* What to do
In the entries that follow, the first line to write out is the one containing "Image no. 1", and the last is the one containing "File:Adenomyosis within a". Reproduce that stretch exactly, with nothing before or after it.

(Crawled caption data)

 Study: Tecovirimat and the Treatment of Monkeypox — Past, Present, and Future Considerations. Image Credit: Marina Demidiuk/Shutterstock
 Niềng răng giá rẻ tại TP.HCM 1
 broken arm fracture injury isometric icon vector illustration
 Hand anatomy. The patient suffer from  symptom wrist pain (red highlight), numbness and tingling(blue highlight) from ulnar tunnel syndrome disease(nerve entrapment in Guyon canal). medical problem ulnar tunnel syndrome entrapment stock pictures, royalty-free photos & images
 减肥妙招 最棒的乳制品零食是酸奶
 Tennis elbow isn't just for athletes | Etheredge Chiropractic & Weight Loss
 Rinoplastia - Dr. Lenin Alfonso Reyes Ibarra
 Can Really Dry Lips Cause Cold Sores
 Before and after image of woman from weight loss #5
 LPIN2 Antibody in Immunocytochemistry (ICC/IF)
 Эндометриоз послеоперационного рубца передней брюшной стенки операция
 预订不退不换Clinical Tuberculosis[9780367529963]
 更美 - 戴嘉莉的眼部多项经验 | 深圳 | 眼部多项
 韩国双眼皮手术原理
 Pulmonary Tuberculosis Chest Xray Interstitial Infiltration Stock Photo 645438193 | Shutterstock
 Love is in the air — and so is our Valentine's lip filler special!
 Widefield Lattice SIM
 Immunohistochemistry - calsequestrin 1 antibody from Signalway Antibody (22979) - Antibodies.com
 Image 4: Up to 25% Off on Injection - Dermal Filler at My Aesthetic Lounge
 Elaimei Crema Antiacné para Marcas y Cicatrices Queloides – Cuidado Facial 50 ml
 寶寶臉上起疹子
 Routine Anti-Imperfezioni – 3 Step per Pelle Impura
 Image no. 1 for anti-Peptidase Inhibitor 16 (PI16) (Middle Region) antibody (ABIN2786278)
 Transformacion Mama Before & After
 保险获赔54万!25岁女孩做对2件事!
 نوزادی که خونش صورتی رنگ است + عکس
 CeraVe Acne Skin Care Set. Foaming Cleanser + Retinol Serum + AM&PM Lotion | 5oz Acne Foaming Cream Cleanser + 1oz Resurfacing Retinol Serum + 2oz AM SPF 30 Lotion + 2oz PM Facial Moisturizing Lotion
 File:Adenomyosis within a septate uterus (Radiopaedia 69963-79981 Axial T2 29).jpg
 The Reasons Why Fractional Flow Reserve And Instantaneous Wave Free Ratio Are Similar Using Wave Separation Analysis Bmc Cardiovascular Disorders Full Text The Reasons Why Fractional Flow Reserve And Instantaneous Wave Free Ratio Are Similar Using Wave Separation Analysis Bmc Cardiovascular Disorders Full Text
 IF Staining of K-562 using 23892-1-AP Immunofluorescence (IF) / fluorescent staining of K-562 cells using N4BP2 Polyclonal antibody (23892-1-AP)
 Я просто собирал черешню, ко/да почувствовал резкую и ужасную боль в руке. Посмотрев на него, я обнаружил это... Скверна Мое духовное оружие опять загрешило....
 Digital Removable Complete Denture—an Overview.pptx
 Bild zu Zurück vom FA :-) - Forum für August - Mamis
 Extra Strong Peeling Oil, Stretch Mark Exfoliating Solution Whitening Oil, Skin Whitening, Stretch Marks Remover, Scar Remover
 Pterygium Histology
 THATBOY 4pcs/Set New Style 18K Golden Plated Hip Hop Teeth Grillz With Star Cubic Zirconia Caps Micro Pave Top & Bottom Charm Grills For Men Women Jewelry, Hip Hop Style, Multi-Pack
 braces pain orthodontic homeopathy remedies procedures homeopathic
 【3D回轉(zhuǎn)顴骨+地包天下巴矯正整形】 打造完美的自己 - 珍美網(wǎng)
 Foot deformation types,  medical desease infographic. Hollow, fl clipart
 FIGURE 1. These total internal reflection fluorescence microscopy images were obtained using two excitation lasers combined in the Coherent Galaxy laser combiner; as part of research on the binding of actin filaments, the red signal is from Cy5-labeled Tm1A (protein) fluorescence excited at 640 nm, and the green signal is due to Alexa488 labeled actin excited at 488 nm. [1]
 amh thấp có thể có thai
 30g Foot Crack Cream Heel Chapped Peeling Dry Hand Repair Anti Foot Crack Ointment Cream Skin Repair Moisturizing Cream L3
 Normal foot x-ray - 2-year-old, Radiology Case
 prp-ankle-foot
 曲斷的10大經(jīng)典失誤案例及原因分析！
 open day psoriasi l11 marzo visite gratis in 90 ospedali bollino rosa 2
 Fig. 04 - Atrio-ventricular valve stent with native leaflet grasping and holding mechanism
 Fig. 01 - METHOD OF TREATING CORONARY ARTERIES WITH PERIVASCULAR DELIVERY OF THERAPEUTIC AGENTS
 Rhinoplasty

* Response
 Image no. 1 for anti-Peptidase Inhibitor 16 (PI16) (Middle Region) antibody (ABIN2786278)
 Transformacion Mama Before & After
 保险获赔54万!25岁女孩做对2件事!
 نوزادی که خونش صورتی رنگ است + عکس
 CeraVe Acne Skin Care Set. Foaming Cleanser + Retinol Serum + AM&PM Lotion | 5oz Acne Foaming Cream Cleanser + 1oz Resurfacing Retinol Serum + 2oz AM SPF 30 Lotion + 2oz PM Facial Moisturizing Lotion
 File:Adenomyosis within a septate uterus (Radiopaedia 69963-79981 Axial T2 29).jpg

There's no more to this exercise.